The professional priority, conversely, is to champion solutions based on open standards, focusing on maximizing organizational freedom. This means insisting on technologies that utilize standard SQL (ANSI SQL), open-source data formats like Apache Avro or Apache Parquet, open-source table formats like Apache Iceberg, Apache Hudi, or Delta Lake, and widely adopted orchestration tools. This ensures that the organization's data and logic remain portable. If the current cloud provider raises prices or their service degrades, the cost of migrating the data warehouse (and the dependent transformation logic) is manageable, maximizing strategic flexibility and mitigating the risk of being held captive by any single external party.

4. Obscure Frameworks as “Bespoke Solutions”

Source: https://sketchplanations.com/bus-factor

A “Bus Factor” is a metric for project risk that measures how many key people could “be hit by a bus” (i.e., suddenly leave) before the project stalls. A low bus factor means critical knowledge is concentrated in a few individuals, making the project vulnerable, while a high bus factor indicates knowledge is well-distributed, making the project more resilient. The term is often used in software development but can be applied to any field where a project depends on specialized knowledge.

Due to personal agendas, engineers sometimes deliberately write opaque solutions. Their motivation is straightforward: they build the core logic using an obscure framework, a highly non-standard pattern, or custom, unique code that is difficult for peers to decipher. This behavior establishes a high bus factor. Their perceived job security is thus tied directly to the system's fragility without their presence.

Picture this: An engineer implements critical metric calculations using a complex Scala UDF (User-Defined Function) within a Spark cluster, despite the logic being easily achievable with standard SQL. When that engineer leaves, the rest of the data team (who only know SQL) cannot safely debug or modify the core business logic, creating an immediate crisis during the next incident.
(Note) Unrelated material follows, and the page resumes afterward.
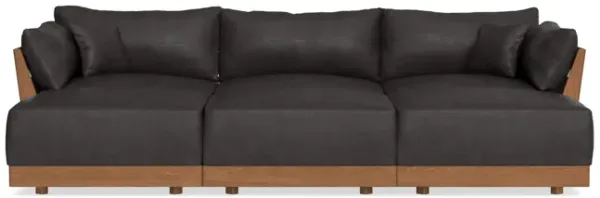 Modular Bondi Espresso 3-Seater Daybed Sofa Sectional in Charcoal | Classic Blend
A responsible team lead seeks to minimize organizational risk by strictly enforcing common standards and clear, self-documenting data modeling. This approach ensures the cost of maintaining the code is low and the time required to understand it is minimal, safeguarding the pipeline against inevitable staff turnover.

5. Tool Sprawl

The primary driver here is the personal motivation to validate expertise, leading engineers to recommend shoehorning the entire Modern Data Stack (MDS) into the organization. This means introducing five or more separate tools (like Fivetran, dbt, Snowflake, and an external scheduler) when three would suffice. This unnecessary tool sprawl validates the engineer's self-image as a cutting-edge expert.

The logic against this fragmentation is clear: Every new tool is a separate vendor, a new API, a new security boundary, and a distinct point of failure. This rapidly increases the integration cost, requiring dedicated monitoring and maintenance for each component, which slows development velocity.
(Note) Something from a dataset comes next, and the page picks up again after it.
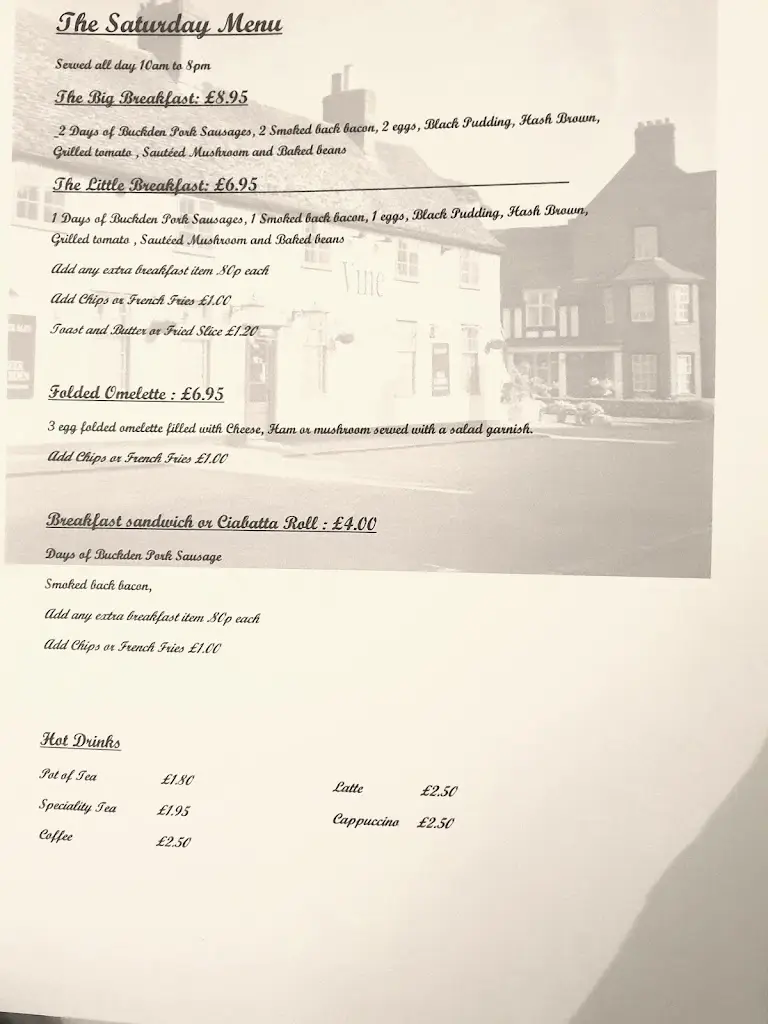 Menu_The Vine_Buckden_image_1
The responsible focus is instead on maximizing the native capabilities of existing, proven systems. Cloud providers currently offer a wide variety of services for a broad range of use cases. It's likely that your MDS-oriented data architecture can be mapped to your cloud provider's native services.
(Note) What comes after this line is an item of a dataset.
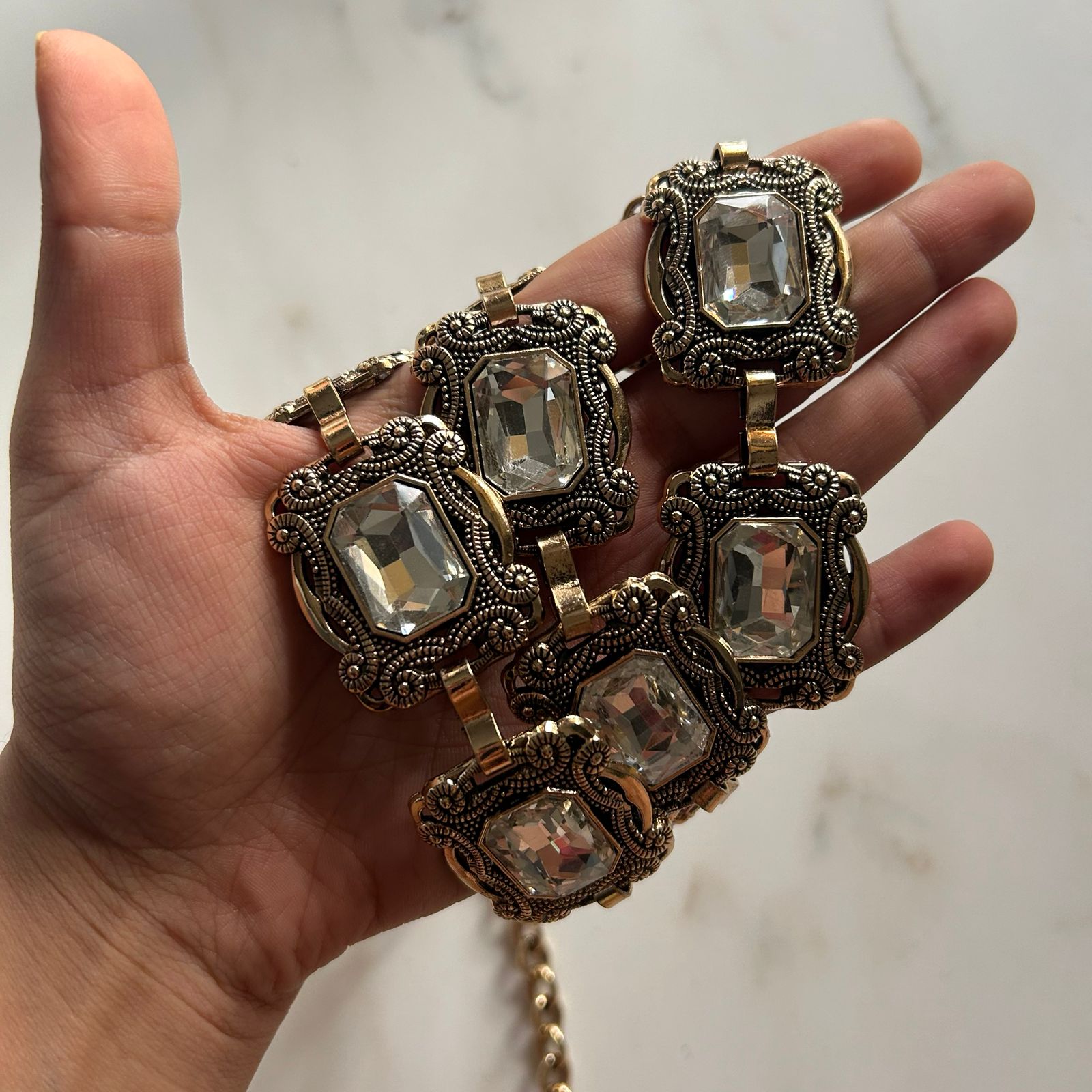 Gemstone Waist Chain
The objective is elegant efficiency: to reduce operational friction and integration costs, reserving new tool adoption solely for those clear business requirements that the current stack genuinely cannot meet.

6. Serverless Vs Operational Overhead

There is a prevalent debate in data engineering: Should we use fully managed serverless components or manage the infrastructure ourselves (spinning up virtual machines, hosting our own Airflow on Kubernetes, or managing a self-hosted Kafka cluster)?

The DIY camp often argues for “Cost Savings” or “Vendor Independence.” They claim that serverless credits are expensive and that running your own metal is cheaper.

While cloud bills might look lower on a DIY setup, the Total Cost of Ownership is often astronomical. But here is the quiet part out loud: The more maintenance the data architecture requires, the more it favors the external consulting firm that built it.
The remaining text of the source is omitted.